◆ **To do**: Set down the material exactly as given, please, from its first line through the line that includes "Nyamka Fast Food".
[[ Source data open ]]
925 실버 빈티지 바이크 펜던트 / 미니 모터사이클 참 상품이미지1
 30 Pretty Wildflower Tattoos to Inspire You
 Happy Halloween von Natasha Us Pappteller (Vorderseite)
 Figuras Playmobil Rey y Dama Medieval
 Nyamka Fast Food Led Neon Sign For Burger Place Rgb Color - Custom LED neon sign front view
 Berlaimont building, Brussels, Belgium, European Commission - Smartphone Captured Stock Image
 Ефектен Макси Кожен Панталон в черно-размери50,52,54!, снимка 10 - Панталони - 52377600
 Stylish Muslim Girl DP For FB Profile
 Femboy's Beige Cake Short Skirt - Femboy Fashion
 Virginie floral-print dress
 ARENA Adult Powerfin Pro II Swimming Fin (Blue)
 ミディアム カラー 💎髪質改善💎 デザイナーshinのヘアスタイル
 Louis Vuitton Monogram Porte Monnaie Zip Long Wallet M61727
[[ Source data closed ]]
◆ **Answer below**:
925 실버 빈티지 바이크 펜던트 / 미니 모터사이클 참 상품이미지1
 30 Pretty Wildflower Tattoos to Inspire You
 Happy Halloween von Natasha Us Pappteller (Vorderseite)
 Figuras Playmobil Rey y Dama Medieval
 Nyamka Fast Food Led Neon Sign For Burger Place Rgb Color - Custom LED neon sign front view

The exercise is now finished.